Sara Zimbalist relates the events of the Shabbat morning, “They were doing an attack. He was in a combat engineering course. They were in Rafah and a terrorist shot something at their tank, and there was an explosion. All eight boys were killed.”
Zimbalist says she believes that, “the boys are fighting a Mitzvah war. This is something that they're doing for all of us, for all of Am Israel, so that we can live here in peace and raise our kids in peace. Eli Moshe was very connected to Eretz Israel and Torat Israel, and he was doing his part with a whole heart. He didn't think it would end this way. He was very positive the whole time, saying, ‘don't worry about me.’ So, we tried not to worry about him, but Hashem has a plan. I don't know Hashem's plan. We're a tiny little piece of Hashem's plan, but we're the eternal nation. We're here in our land. We're eternal!”
Zimbalist says that, “Eli Moshe didn't want us to worry. I guess he had a lot of faith. We have faith, thank God, because it allows me to wake up every day, get up, get out of bed, take care of myself, take care of my family. We have a lot of blessing in our life, and we have to keep going. That's what he would want, so we try our best.”
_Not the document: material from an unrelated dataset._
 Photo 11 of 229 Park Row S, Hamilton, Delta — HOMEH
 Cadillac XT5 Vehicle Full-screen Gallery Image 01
Eli Moshe’s family made Aliyah from the US when he was two years old, and his mother admits, “We wouldn’t change anything. We wanted to live here. We wanted to raise our children here. We had the honor to raise Eli Moshe for almost 19 years here, Baruch Hashem, and he made us proud, like our other children, always made us proud, not just with his death. He was a very good kid, very loving, very capable, very talented. This is where we wanted to be, this is our home and nobody would want to be anywhere else, so no matter what, we're part of Hashem's plan. We don't know, but it’s what God wanted. Eli Moshe was supposed to die on the ninth of Sivan, period. He happened to die during a war in Gaza, but his time was up. He finished his job, whatever that is. Hashem wanted him back and we accept that.”
Zimbalist continues, saying that Eli Moshe was a “family guy, friendly, he was a ‘hevreman’ [everybody’s friend]. He had a lot of good friends. He was a good friend to his friends. He cared about them. He helped everyone. He enjoyed giving, he was a giver. He had a golden heart, he had golden hands. He could fix almost anything. I would give him my laundry clips that would fall apart and in two seconds he would fix them. I have no idea how. He said it was easy. I never learned how ‘not easy’ for me was so simple for him. He just had a way with people, old people, young people, he could connect to anyone and everyone. He was truly interested in people. He really cared about people and people that don't always get all the recognition. He was very much connected to those people. He had a lot of gratitude to people making food in the kitchen. He had gratitude to the bus driver, who came to pay a shiva call, because he said, ‘look how many boys come on my bus every day, every week, but I knew your son, because he took the time to speak to me and we connected.’ It's not typical, and he was only 21 years old to make such connections with people. It's really amazing.”
Zimbalist concludes, saying that, “Eli Moshe loved the shul. The shul was like a second home to him. He built some of the furniture, the bookcases. Eli Moshe was very much at home in our shul, so we thought that a really nice way to commemorate his memory and his love for the shul was to dedicate the new Beit Midrash in his memory. We think it's very fitting for him, because he loved Torah. Eli Moshe was walking around Gaza with a Gemara, he was learning Daf Yomi [the daily portion] in Gaza. He had this connection to Torah and mitzvot. He would call his Rabbis from Gaza with questions, questions that were important to him. It didn't just stay behind in the Yeshiva. It was part of his life wherever he went.”